The lithium resources of Finland has been estimated

Lithium hunters in Leviäkangas looking for a suitable boring spot. Photo: Keliber

The organization of the Geological Survey of Finland (GTK) has carried out a valuation of yet undiscovered mineral resources in the bedrock of Finland since 2008. As part of this process, the extent of lithium resources in the case of undetected pegmatite deposits of lithium-caesium tantalum (LCT) was also estimated to one kilometre in 2018.

The most well-known LCT pegmatite-lithium stores in Finland are all within or close to the border with Kaustby municipality in central Ostrobothnia. The identified resources in these six deposits at the time of assessment at the end of 2017 amounted to approximately 46,000 tonnes of lithium. The discovered and reported resources have since increased to about 58,000 tonnes of lithium (Keliber Oy 2018).

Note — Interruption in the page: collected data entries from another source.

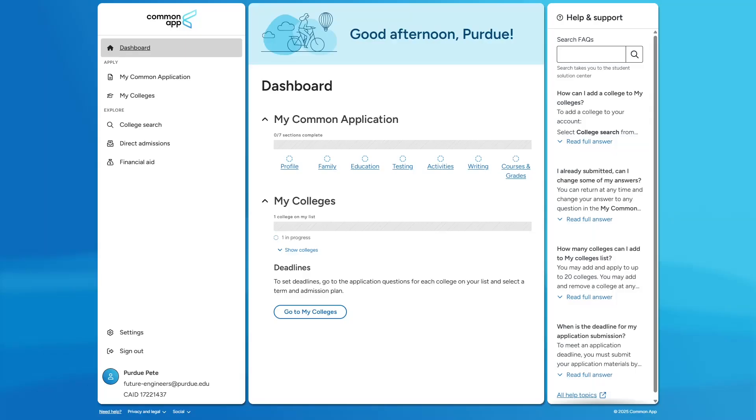Hello, I'm glad you're considering applying to Purdue Engineering. Let's dive into the Common App Portal to see how to fill out your application.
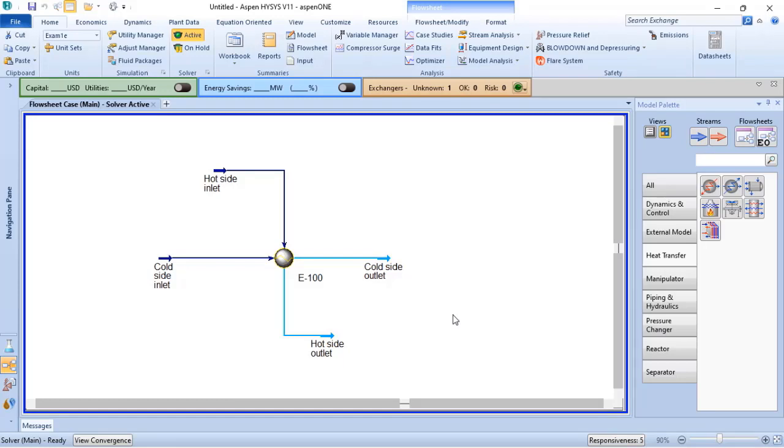When we are performing process simulation, eventually we want to integrate our process simulation with the heat exchanger design and rating tool. This is the EDR that is available in AspenONE Engineering.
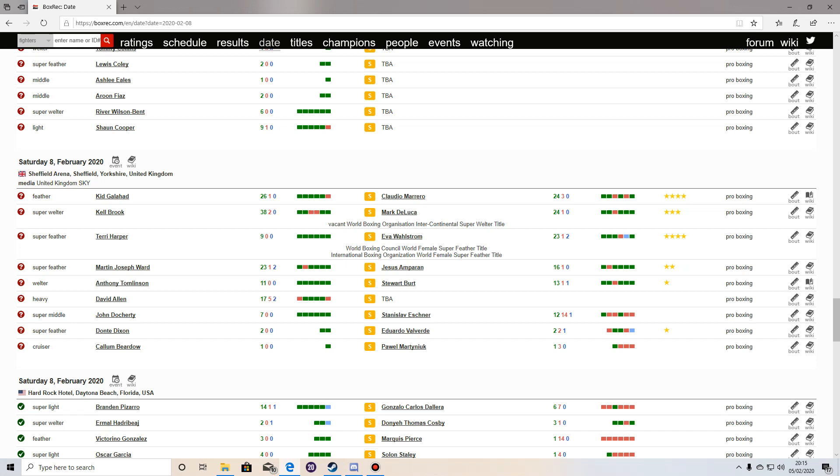This fight between Kell Brook and Mark DeLuca goes down on the 8th of February this weekend. Takes place at the Sheffield Arena in Yorkshire, England. And in the UK, this fight is broadcast on Sky Sports. In the US, on The Zone. This fight takes place at Super Welterweight. And essentially, this fight is a tune-up for Kell Brook.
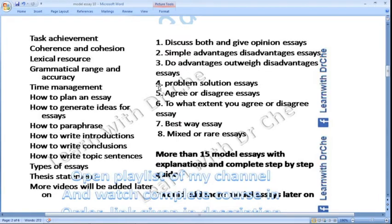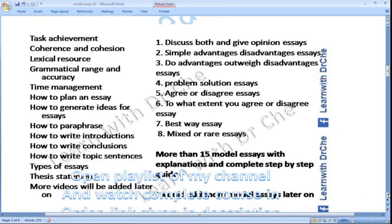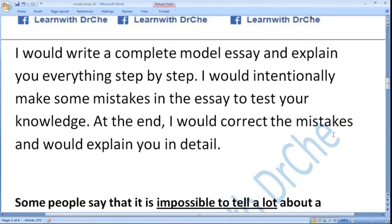This is an overview of my essay writing course. I have started from four assessment criteria, then I go through each type — classes about time management, how to plan an essay, how to generate ideas, paraphrasing, introductions, conclusions and many more. Then I go for each type of essay. Nowadays I am on essay type 5, agree or disagree essay. I would write more than 15 model essays in my course and guide you each thing step by step. I would write a complete model essay and explain everything step by step. I would intentionally make some mistakes in my essay to test your knowledge. At the end I would correct these mistakes and explain everything in detail.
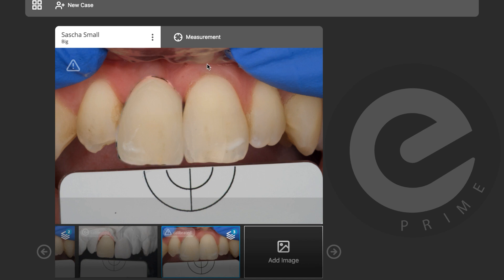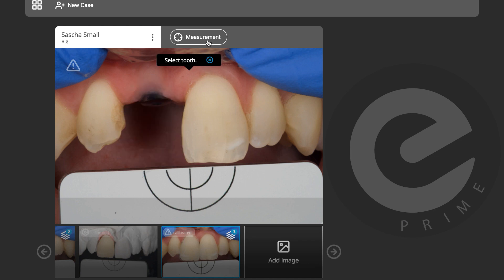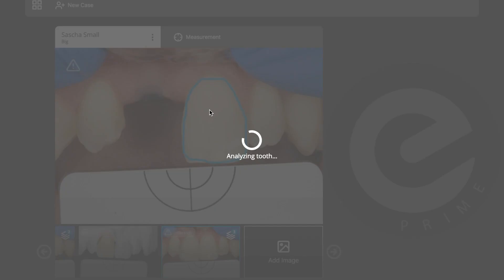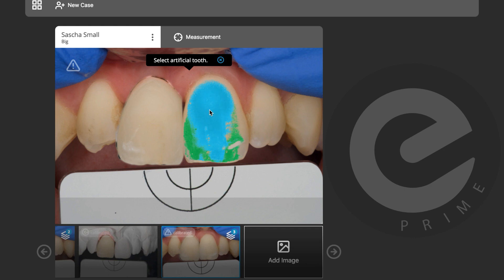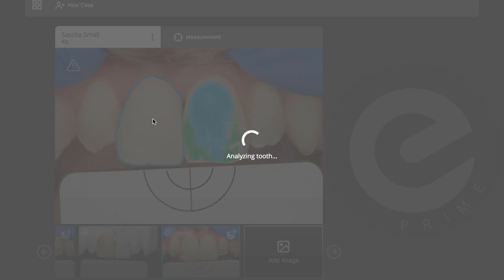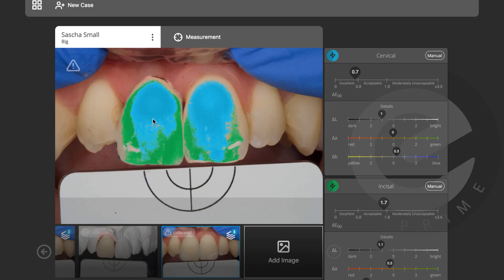Now I can measure the crown. Measurement, select tooth — click on it. The results: the main body of the crown has a delta E of 0.7, which I'm very happy with. Delta A is a little below but delta A and delta B are spot on.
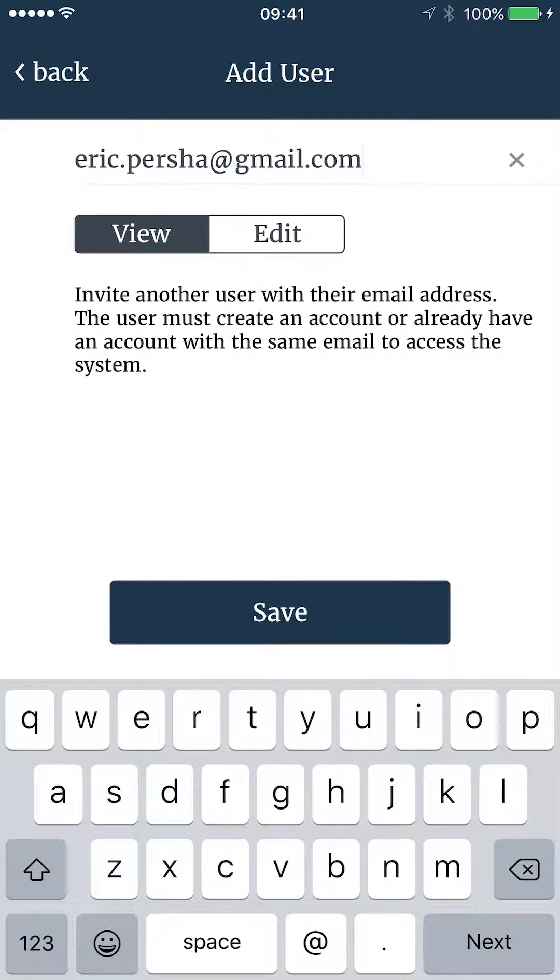View users can see the gateway system on the environment monitor system and have access to the data on Mobilize and Weatherlink. Once you are done, select Save.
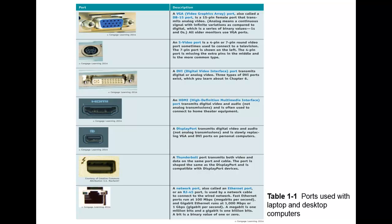Next we have the Thunderbolt transmission, which transmits video and data on the same port and cable. The port is shaped, as you can see, as the display port and it's compatible with both your display port devices as well.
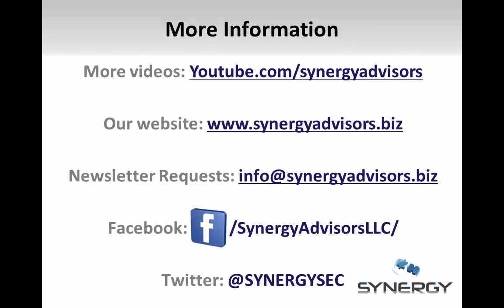We also post a monthly newsletter filled with the latest updates across the Microsoft identity and security products. If you would like to sign up, please email us at info@SynergyAdvisors.biz. Thank you for watching, and I hope it was helpful.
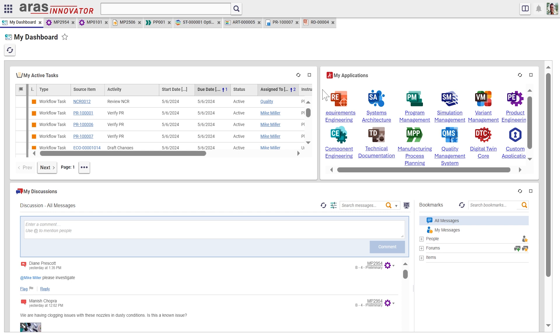And at the bottom of the screen, we're seeing what we call my discussions, which is really like your social feed. So this is the people part of the digital thread, bringing them together to be able to collaborate about this data without having to, in advance, know who the design engineer that worked on this particular item might be.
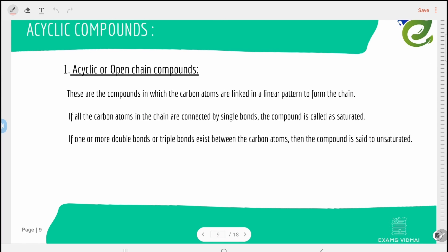Alicyclic or open-chain compounds are those in which the carbon atoms are linked in a linear pattern to form a chain — examples include ethane, propane, and butane. If all the carbon atoms in the chain are connected by single bonds, they are saturated. If one or more double bonds or triple bonds exist between the carbon atoms, the compounds are unsaturated.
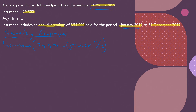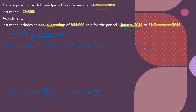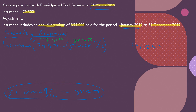Calculating separately: 51,000 times 9/12 gives 38,250. So the insurance expense is 79,500 minus 38,250, which equals 41,250. That will be the amount of insurance expense. You can calculate this separately and then just bring the answer forward.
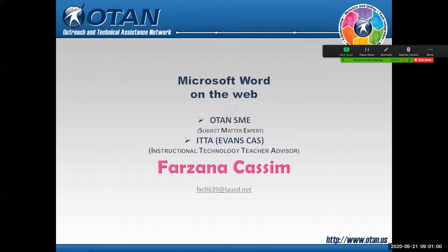We have quite a treat for you today. We have our subject matter expert Farzana Ghassin presenting on Microsoft Word on the web. We're so happy to have her. Farzana, take it away.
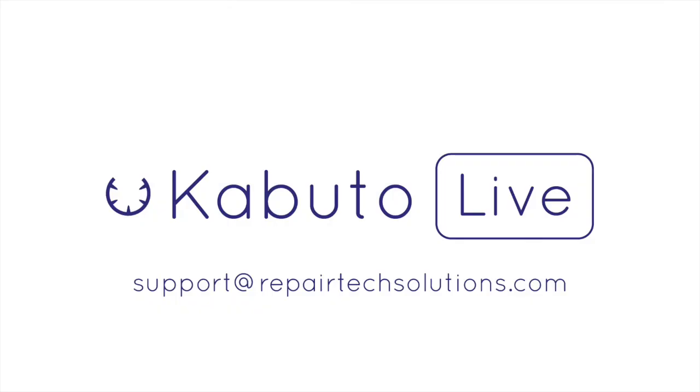If you have any questions about Kabuto Live, feel free to get in touch at support at RepairTechSolutions.com. Thanks!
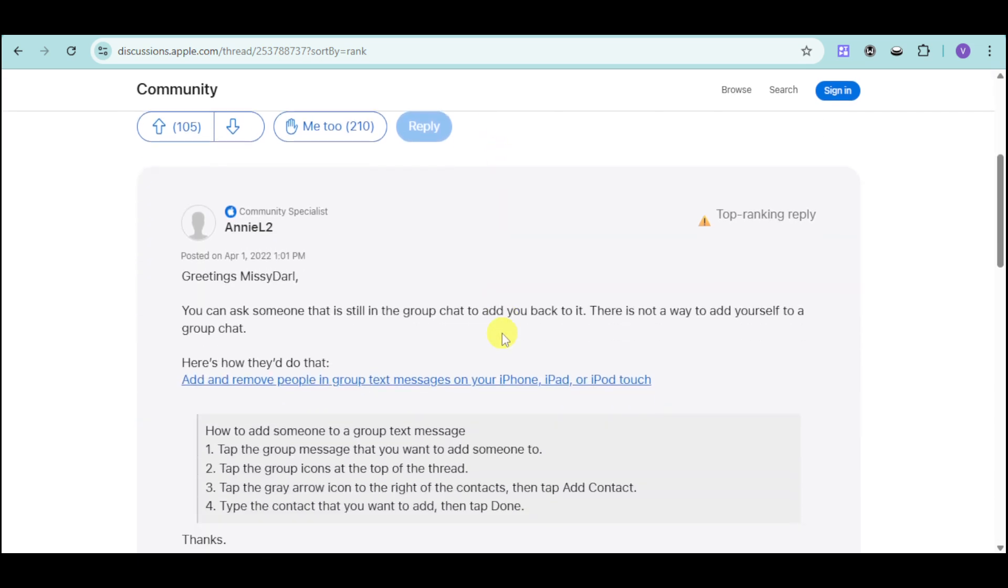What you can do is that you can ask someone that is still in the group chat to add you back to it. That is because there is not a way to add yourself to a group chat on your own.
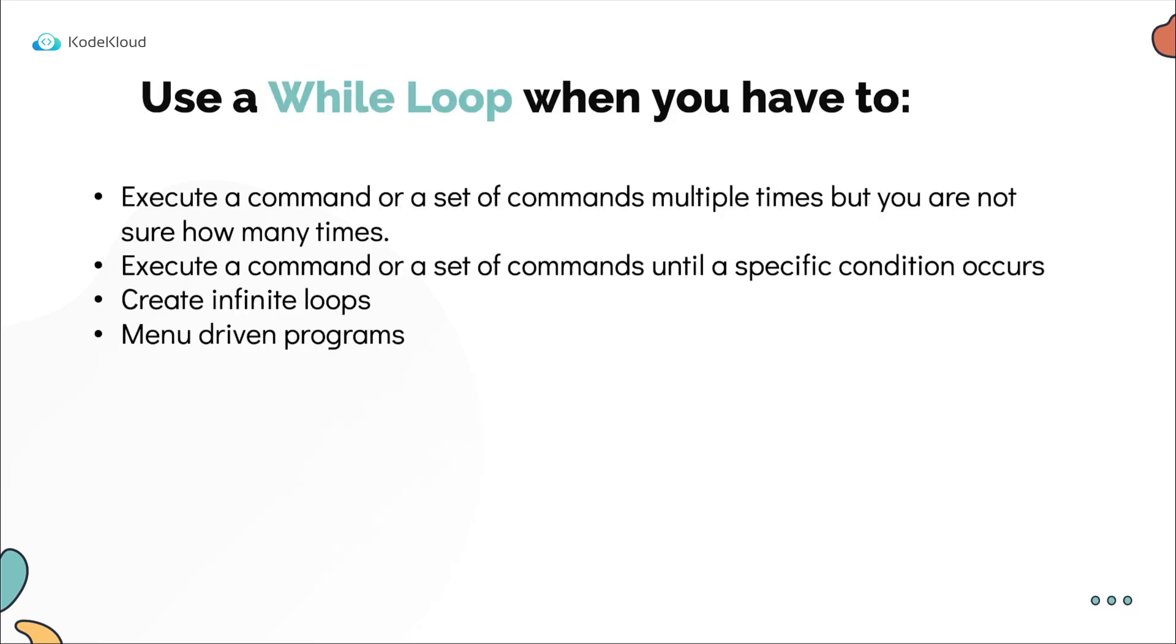So you would typically use a while loop when you have to execute a command or a set of commands multiple times. But unlike a for loop, you're not sure how many times the loop must run in advance. The loop must run until a specific condition is met. In our example, it was until the launch was successful or failed. We didn't know if the launch would take two seconds, 10 seconds, or two hours. Now as long as the launch is in a launching state, we want the script to wait. The while loop is also typically used to create infinite loops or menu driven programs.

The number of possible, but not yet discovered, LCT pegmatic stocks was estimated by GTK experts at 7.

The so-called Monte Carlo simulation estimate indicates that the undiscovered stocks contain, with a 50% probability, at least 510,000 tonnes of lithium. More than 90 per cent of the estimated undiscovered lithium resources in Finland are located either in the immediate vicinity of Kaustby or in the surrounding larger Järvi-Pohjanmaa area.

The assessment results show that at least 90 per cent of the remaining lithium quotas within the top one-kilometre thick layer of the Finnish bedrock are in poorly investigated or completely unknown deposits.